Do you have anything in stock?
Anyone who has spent even five minutes looking at Rolex will know that this is a perfectly reasonable question, and that the answer is usually no. The less expensive models, particularly in steel, are famously hard to come by. Waiting lists are long and often involve you having to build a relationship with the dealer. And that relationship might include you having to buy other things before you are deemed worthy of “getting the call.”
The woman behind the counter looked me up and down. Not in a subtle way but in a very deliberate kind of way. I’d like to suggest that she thought me somewhat the catch, but I’m guessing not. She then told me that they never get the less expensive models in and that the waiting list would be a year or more.
I asked again what they had in stock.
She told me, with a tone that managed to be both dismissive and somewhat arsey: “Precious metal ones.”
Then I asked which models specifically.
“Just the precious metal ones”, she repeated.
That was it. No attempt to engage me in conversation or ask me which ones I was interested in. No interest in why I might be there. No curiosity. No conversation. No fact find. Bugger all! I thanked her and walked out.
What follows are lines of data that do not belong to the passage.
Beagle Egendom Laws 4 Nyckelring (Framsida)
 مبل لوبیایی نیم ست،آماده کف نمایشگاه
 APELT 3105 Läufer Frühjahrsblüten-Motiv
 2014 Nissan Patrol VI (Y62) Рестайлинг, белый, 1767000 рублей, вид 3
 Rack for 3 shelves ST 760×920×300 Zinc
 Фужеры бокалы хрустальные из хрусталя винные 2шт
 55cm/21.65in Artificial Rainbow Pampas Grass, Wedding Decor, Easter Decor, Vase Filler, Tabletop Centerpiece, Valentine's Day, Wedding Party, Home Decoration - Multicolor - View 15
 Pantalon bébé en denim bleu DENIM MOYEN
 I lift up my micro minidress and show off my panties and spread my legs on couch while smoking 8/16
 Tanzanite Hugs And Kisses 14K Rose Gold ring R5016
A short while later, I walked into a shop nearby and an hour or so later walked out with a Grand Seiko Evolution 9 Genbi Valley on my wrist. And I could not be happier with the watch or the experience of buying it.
The moral of that story is not that Rolex makes bad watches. They don’t. It is not even that Rolex dealers are universally dismissive and snobby. I am sure many are excellent, and I’ve sat in a good few to try different models and narrow it down to what I would eventually buy. The moral is much simpler and much more relevant to the audio world that I spend most of my time thinking about.
Never judge a book by its cover.
Every single person you engage with in a retail environment deserves your attention. If you do not give it to them, they will go somewhere else. And when they do, they may never come back.
That little preamble/ramble leads me, in a very roundabout way, finally, to HiFi.
As we move into a new year of HiFi shows, with events like the fab Bristol HiFi Show just around the corner and the equally excellent but very different Audio Show Deluxe close behind it, I find myself thinking more and more about what I expect when I walk into a room at a show. Yep, I consider the show to be a shop window. A retail experience.
Like it or not, HiFi is a luxury good. This opinion will not be new to anyone who reads my Sunday Thoughts on a regular basis. It might not feel like it to those of us who live it, but to the outside world, it absolutely is. Nobody needs a high-end HiFi system. People want them. They aspire to them. They save for them. In that sense, HiFi is not all that different from expensive timepieces, luxury cars, or high-end furniture. I’ve talked about this before. A lot!
And with luxury comes expectation. Expectation of the quality of the product, obviously. And, imporatantly in the context of this week’s Sunday Thoughts, the expectation of the level of service you receive. If I walked into a luxury watch shop, or any shop for that matter, to find old bottles of water lying around, discarded detritus from breakfast festooning the area, or boxes that the day’s stock arrived in lying dumped in a corner, I’d most likely walk out before most of me had got through the door.
I have written before about the importance of the retail experience, and I am not going to rehash old themes too much here. But HiFi shows are, for many people, the first real point of contact with a brand. For some visitors, a show might be the only time they ever experience certain products in the flesh. That matters. First impressions count. They count a LOT!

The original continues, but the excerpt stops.